Starting up a business can be challenging, since a reliable amount of savings will be required at the beginning, but if you want to succeed in making your business idea a reality you will have to plan your resources accordingly. Planning on how you will start a business is important and the most important aspect is money. Any type of business requires a form of capital. In order to be a successful entrepreneur, you need to ensure that the capital you invest does not undercapitalize your business.
Before making a decision on the amount of money needed to start up your business, you need to ask yourself a few questions, such as: the amount of money you require to start the business; what will be the minimal amount for the business start-up; are there any interested investors and do you have the assets required in order to start up the business. These questions will help your sales revenue to be equal to the total expenses.
There are four ways to finance a start-up business idea and they include the following. Equity investment-whereby an interested investor offers you his or her savings to start up and in return he or she earns ownership shares in the business. This type of capital is referred to as venture capital.
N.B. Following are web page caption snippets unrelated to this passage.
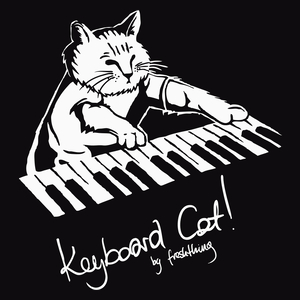 Keyboard Cat - Męska Bluza Czarna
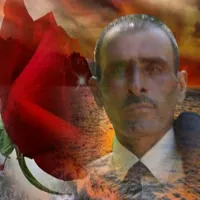 احمدالعفيفي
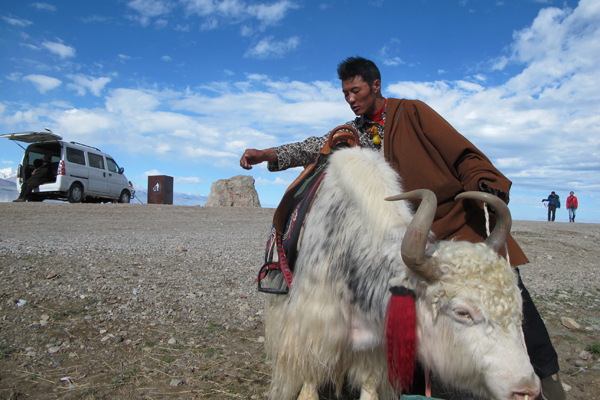 Riding yaks along the rooftop of the world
The amount of money an investor offers you determines the percentage shares he or she will get. Money obtained from equity money is not secured on your business assets and can be from companies in the same line of business, friends, personal loans, business partners or stockholders.
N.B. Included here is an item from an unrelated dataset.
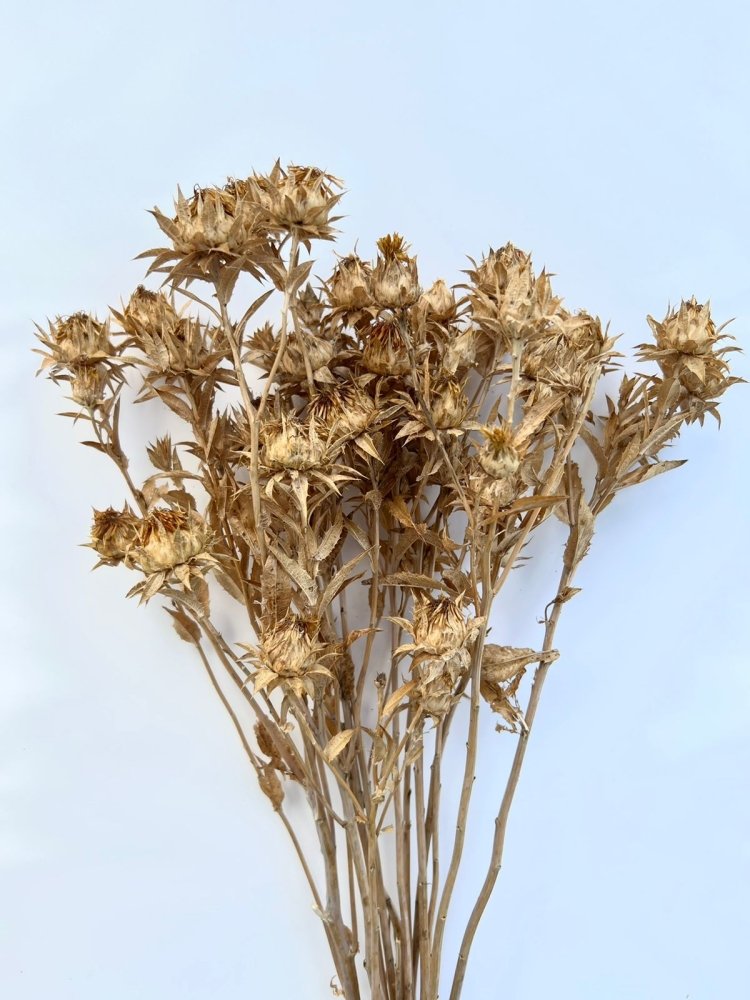 Safflower - Dry Flowers Traders |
The second method incorporates personal savings which can go a long way. Most Australian entrepreneurs prefer financing their businesses with their own savings; this shows that they are committed to the success of their businesses. Businesspersons should ensure that at least 20 to 50% assets of their business are from their own hoards. Such personal investment will increase your equity position and control of your business. However, you should be careful not to rack up too many debts, since they will end up damaging your credit rating hence diminishing your chances of attain extra capital.
Debt financing is among the four ways to finance a start-up business. It entails government funding; the funding is basically administered in form of grants that are considered free but individuals are required to repay the principal amount plus interest. Government grants are offered to specific groups of entrepreneurs, such as the youths and women.
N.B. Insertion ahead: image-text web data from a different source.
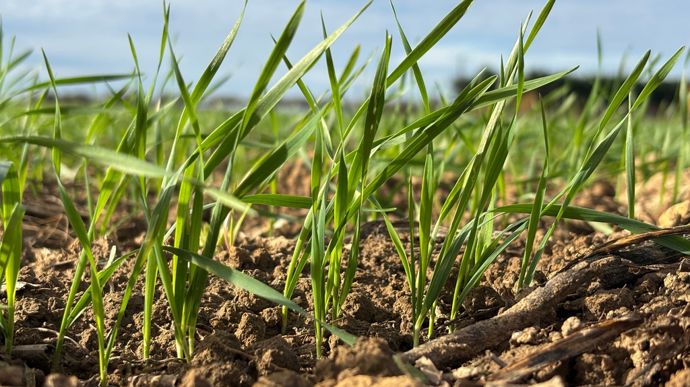 Un brin d’optimisme pour le début de cycle des céréales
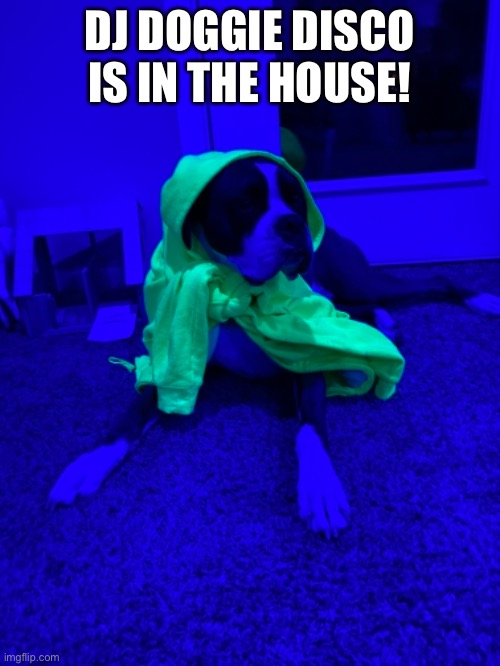  DJ DOGGIE DISCO IS IN THE HOUSE! | image tagged in img | made w/ Imgflip meme maker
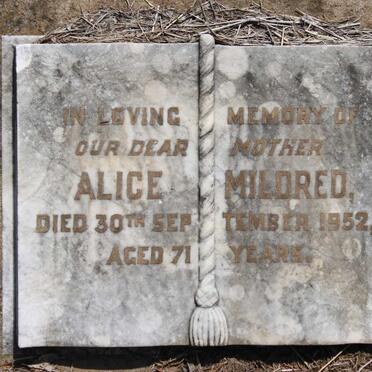 PALMER Albert -1924 &amp; Alice Mildred -1952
Debt financing is also administered in form of commercial loans. The loans are divided into two types, and they include: a long term loan that involves large expenses that are to be used for more than one year, such items include; buildings, properties or equipment’s; and Short term loans, that are used to finance daily expenses i.e. payrolls. Short loans are known to last for a time span of not more than twelve months.
Lastly, there is the angel investor-he or she is defined as a financier who is only interested in seeing your business succeed. Most angel investors prefer business ideas that are new and will change the world by adding up more technology. In order to obtain such capital an entrepreneur should come up with a unique and achievable business plan.